>>>>>

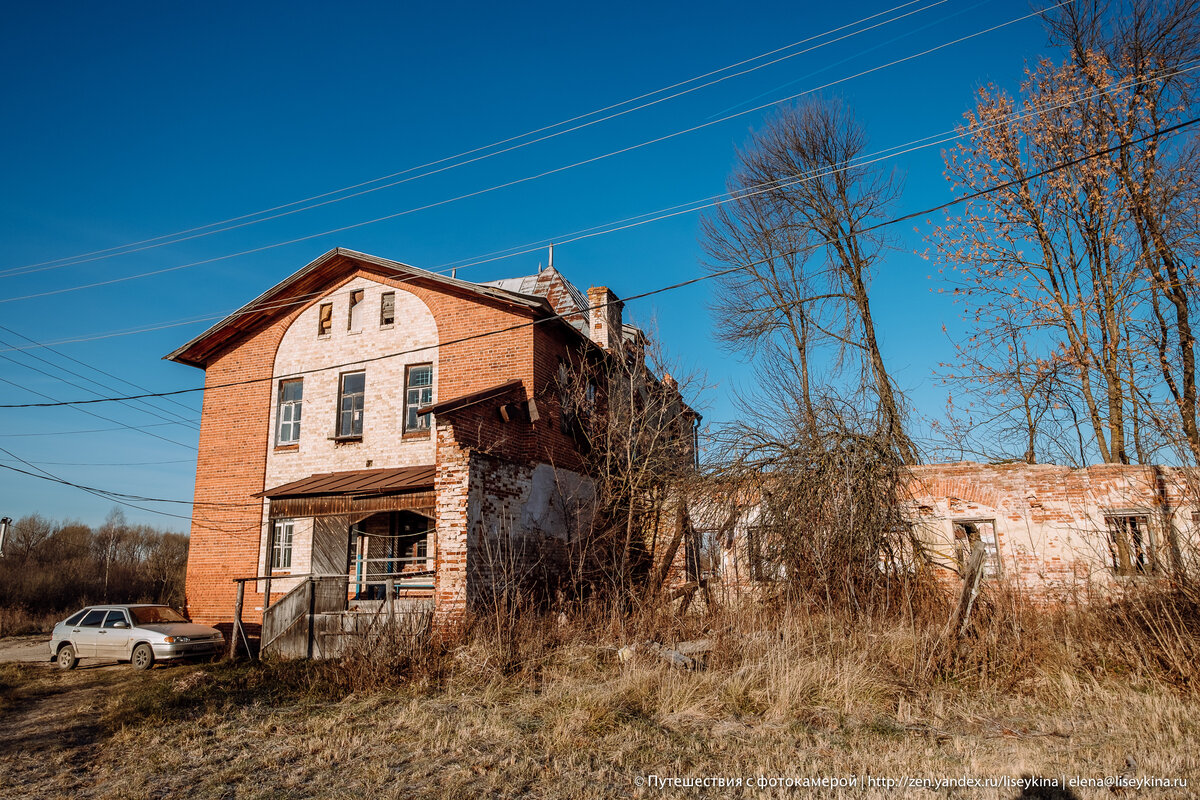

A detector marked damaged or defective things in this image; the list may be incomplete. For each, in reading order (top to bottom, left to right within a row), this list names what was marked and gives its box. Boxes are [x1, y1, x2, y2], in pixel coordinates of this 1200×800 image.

broken window [348, 287, 364, 331]
broken roof edge [162, 247, 559, 369]
broken window [276, 381, 302, 443]
broken window [336, 371, 362, 438]
broken window [405, 367, 434, 434]
broken roof edge [422, 381, 525, 419]
broken window [272, 522, 292, 573]
broken window [955, 522, 1003, 578]
broken window [1104, 513, 1152, 575]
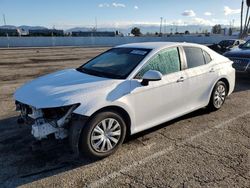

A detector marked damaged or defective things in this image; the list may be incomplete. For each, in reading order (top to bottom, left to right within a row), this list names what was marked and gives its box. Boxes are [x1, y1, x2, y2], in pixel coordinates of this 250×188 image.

damaged front bumper [15, 101, 79, 140]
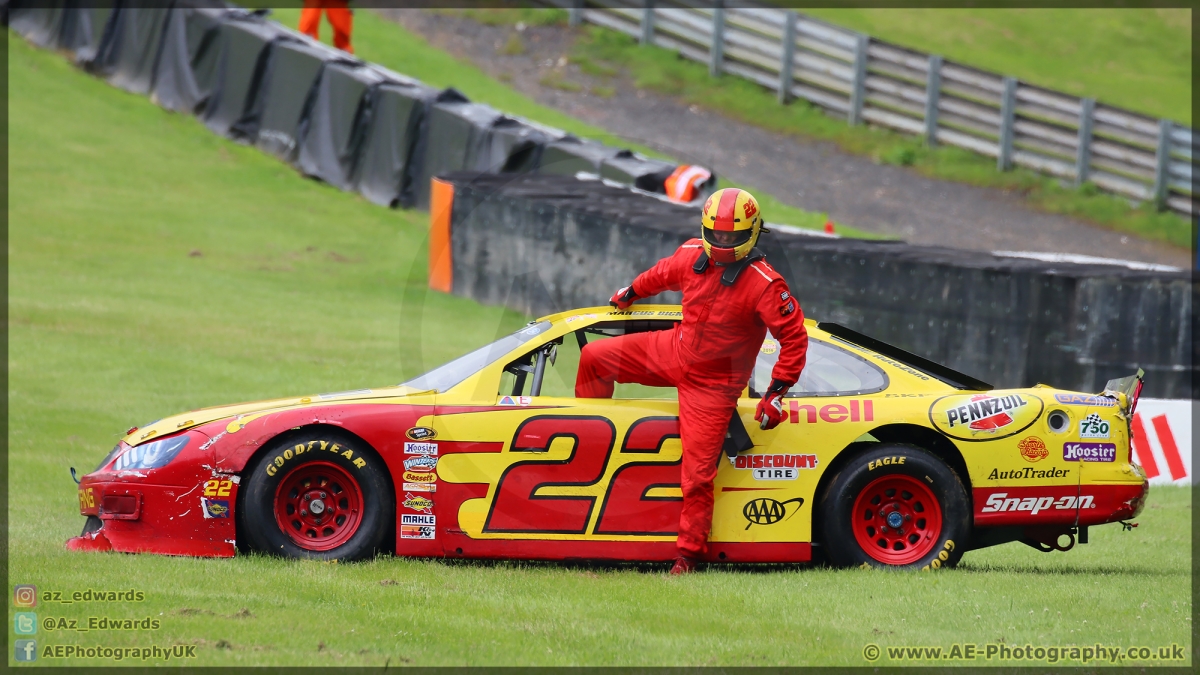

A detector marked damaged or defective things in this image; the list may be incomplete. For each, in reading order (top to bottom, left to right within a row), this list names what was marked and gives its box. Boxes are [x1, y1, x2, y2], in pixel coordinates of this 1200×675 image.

damaged yellow race car [70, 306, 1152, 572]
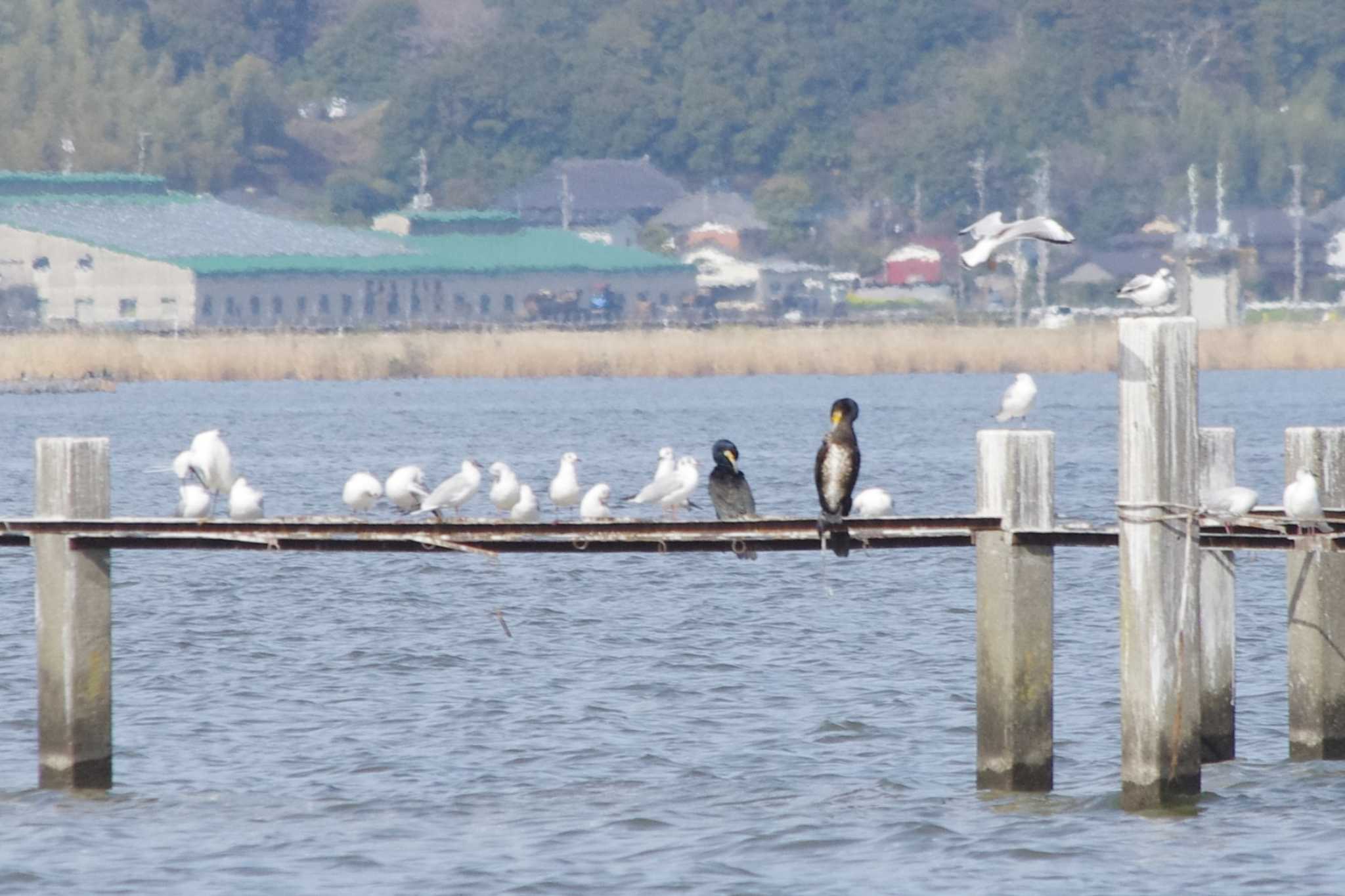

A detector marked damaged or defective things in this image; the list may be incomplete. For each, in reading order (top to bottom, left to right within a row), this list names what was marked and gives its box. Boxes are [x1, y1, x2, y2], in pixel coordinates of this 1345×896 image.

rusty metal rail [0, 510, 1329, 553]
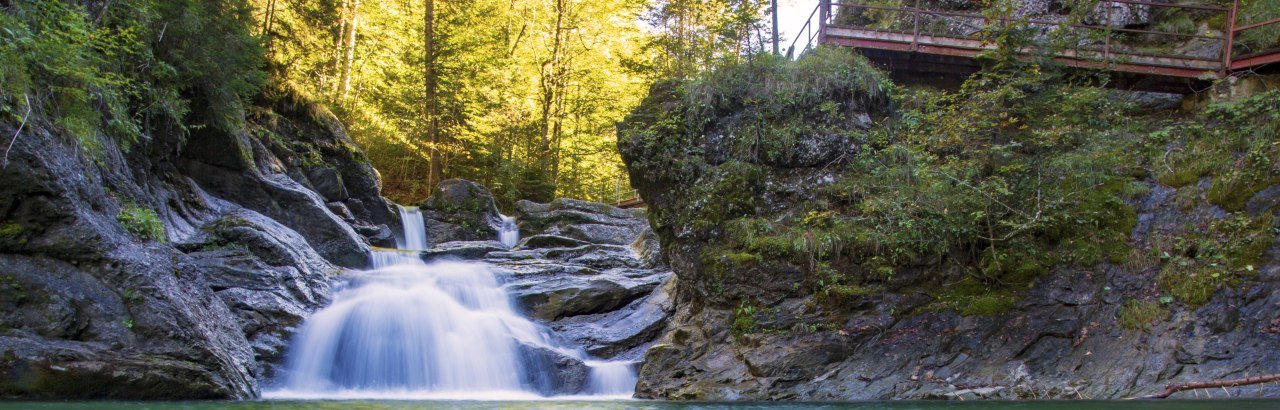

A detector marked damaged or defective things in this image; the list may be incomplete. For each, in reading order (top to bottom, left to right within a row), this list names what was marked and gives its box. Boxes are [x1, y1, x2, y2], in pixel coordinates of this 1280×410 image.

rusty metal bridge [792, 0, 1280, 92]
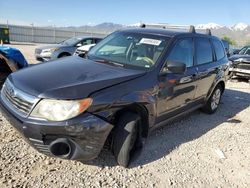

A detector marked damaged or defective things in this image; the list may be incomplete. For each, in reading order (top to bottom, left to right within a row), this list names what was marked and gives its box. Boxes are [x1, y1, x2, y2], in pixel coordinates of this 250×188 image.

damaged vehicle [0, 45, 28, 86]
damaged vehicle [0, 25, 229, 167]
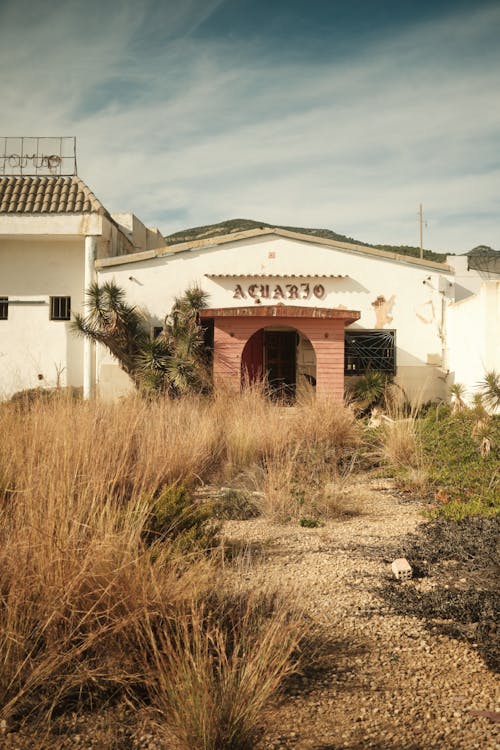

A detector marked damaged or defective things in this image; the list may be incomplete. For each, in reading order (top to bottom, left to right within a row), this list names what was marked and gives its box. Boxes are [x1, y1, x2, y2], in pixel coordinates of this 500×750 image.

<<<<<

Each line above should be output exactly, apart from the pictures.

• **Solution**
A detector marked damaged or defective things in this image; the list may be incomplete. For each, in reading order (top to bottom, left to right within a row), this list names what was marked and gives its box. Boxes are [x1, y1, x2, y2], in pixel coordinates of this 1200×800 image.

broken window [348, 287, 364, 331]
broken roof edge [162, 247, 559, 369]
broken window [276, 381, 302, 443]
broken window [336, 371, 362, 438]
broken window [405, 367, 434, 434]
broken roof edge [422, 381, 525, 419]
broken window [272, 522, 292, 573]
broken window [955, 522, 1003, 578]
broken window [1104, 513, 1152, 575]

A detector marked damaged or defective things in this image; the list may be incomplete. For each, in reading order (top to bottom, left to right within a row), this list names what was marked and gives its box. Boxes are [x1, y1, x2, y2], in pixel coordinates of this 250×188 image.

damaged front bumper [15, 101, 79, 140]

A detector marked damaged or defective things in this image; the list may be incomplete. For each, in reading order (top to bottom, left to right within a row), this list names what was marked and gives its box. Boxes are [x1, y1, x2, y2], in pixel coordinates of this 1200×675 image.

damaged yellow race car [70, 306, 1152, 572]

A detector marked damaged or defective things in this image; the list may be incomplete. For each, in reading order (top to bottom, left to right within a row), this list names what was marked and gives its box. Boxes are [x1, y1, x2, y2], in pixel coordinates of this 1345×896 image.

rusty metal rail [0, 510, 1329, 553]

A detector marked damaged or defective things in this image; the list may be incomplete. For each, in reading order (top to bottom, left to right within a row), this list names what was marked and gives its box. Boxes are [x1, y1, x2, y2], in pixel coordinates of this 1280×410 image.

rusty metal bridge [792, 0, 1280, 92]

A detector marked damaged or defective things in this image; the list may be incomplete. For each, in reading order (top to bottom, left to right within a row), this list names what was marked and gives its box. Boxes are [x1, y1, x2, y2], in pixel coordinates of this 250×188 image.

damaged vehicle [0, 45, 28, 86]
damaged vehicle [0, 25, 229, 167]

A detector marked damaged or defective things in this image; the list may be incomplete. For each, in reading order (top to bottom, left to right within a row), this list names what was marked and gives its box. Boxes are [x1, y1, x2, y2], in pixel coordinates of this 500×750 image.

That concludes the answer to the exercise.